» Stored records
• • • •

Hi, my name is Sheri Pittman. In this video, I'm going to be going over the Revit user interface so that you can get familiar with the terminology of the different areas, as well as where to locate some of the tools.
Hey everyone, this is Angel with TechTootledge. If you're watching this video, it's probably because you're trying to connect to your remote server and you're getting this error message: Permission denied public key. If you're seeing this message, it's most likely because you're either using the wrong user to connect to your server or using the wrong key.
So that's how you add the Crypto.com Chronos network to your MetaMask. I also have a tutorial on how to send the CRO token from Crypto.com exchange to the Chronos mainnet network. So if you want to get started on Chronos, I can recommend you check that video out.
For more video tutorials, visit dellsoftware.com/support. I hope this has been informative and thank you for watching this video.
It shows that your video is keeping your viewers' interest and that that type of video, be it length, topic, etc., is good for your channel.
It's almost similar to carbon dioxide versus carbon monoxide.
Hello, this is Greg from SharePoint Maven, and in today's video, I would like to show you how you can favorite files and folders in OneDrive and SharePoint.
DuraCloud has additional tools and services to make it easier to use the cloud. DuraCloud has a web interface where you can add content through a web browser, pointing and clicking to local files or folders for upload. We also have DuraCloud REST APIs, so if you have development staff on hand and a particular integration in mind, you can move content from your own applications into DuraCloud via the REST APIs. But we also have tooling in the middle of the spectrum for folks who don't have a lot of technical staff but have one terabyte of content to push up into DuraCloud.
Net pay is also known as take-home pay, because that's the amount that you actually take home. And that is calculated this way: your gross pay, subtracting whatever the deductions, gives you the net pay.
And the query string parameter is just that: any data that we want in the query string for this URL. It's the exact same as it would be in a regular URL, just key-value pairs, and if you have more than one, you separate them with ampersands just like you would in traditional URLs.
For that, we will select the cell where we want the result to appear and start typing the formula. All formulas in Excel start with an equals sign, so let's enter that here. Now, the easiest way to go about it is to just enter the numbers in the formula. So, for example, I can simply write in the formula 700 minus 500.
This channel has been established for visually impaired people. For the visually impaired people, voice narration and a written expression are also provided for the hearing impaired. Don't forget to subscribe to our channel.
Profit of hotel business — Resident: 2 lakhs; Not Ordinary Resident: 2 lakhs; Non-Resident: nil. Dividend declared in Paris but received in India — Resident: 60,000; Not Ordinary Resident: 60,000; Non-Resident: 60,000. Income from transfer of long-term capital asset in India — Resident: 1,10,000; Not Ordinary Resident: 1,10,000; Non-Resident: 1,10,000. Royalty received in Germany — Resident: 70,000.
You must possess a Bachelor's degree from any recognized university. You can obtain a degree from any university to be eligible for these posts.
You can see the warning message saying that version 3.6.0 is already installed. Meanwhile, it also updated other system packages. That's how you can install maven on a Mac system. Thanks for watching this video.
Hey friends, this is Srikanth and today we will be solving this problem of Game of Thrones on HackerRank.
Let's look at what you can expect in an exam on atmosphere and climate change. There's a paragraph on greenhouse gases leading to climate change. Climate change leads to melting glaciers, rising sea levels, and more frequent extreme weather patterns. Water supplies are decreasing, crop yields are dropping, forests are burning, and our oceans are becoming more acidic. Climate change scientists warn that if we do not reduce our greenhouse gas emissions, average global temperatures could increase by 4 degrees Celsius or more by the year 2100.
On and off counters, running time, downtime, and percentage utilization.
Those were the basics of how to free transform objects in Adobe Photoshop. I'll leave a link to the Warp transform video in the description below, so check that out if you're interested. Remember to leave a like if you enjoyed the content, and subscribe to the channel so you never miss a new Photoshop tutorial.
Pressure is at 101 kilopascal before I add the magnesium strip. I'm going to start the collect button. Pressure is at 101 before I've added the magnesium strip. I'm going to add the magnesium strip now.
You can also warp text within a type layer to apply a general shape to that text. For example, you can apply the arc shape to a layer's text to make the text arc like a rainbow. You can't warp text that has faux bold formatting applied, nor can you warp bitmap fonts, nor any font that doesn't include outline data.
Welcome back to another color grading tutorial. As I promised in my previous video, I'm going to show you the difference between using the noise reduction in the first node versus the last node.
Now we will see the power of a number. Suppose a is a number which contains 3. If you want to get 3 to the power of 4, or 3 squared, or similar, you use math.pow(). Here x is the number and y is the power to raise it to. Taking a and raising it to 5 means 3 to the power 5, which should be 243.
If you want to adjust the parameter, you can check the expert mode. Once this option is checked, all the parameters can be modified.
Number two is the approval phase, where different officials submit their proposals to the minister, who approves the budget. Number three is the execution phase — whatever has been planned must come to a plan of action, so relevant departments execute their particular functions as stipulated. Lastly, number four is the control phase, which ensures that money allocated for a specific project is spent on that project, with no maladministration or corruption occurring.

• • • •

» Aim of the exercise
When you reach the line containing "Those were the" in the data above, start copying exactly, and stop after the line containing "Welcome back to".

» Exercise result
Those were the basics of how to free transform objects in Adobe Photoshop. I'll leave a link to the Warp transform video in the description below, so check that out if you're interested. Remember to leave a like if you enjoyed the content, and subscribe to the channel so you never miss a new Photoshop tutorial.
Pressure is at 101 kilopascal before I add the magnesium strip. I'm going to start the collect button. Pressure is at 101 before I've added the magnesium strip. I'm going to add the magnesium strip now.
You can also warp text within a type layer to apply a general shape to that text. For example, you can apply the arc shape to a layer's text to make the text arc like a rainbow. You can't warp text that has faux bold formatting applied, nor can you warp bitmap fonts, nor any font that doesn't include outline data.
Welcome back to another color grading tutorial. As I promised in my previous video, I'm going to show you the difference between using the noise reduction in the first node versus the last node.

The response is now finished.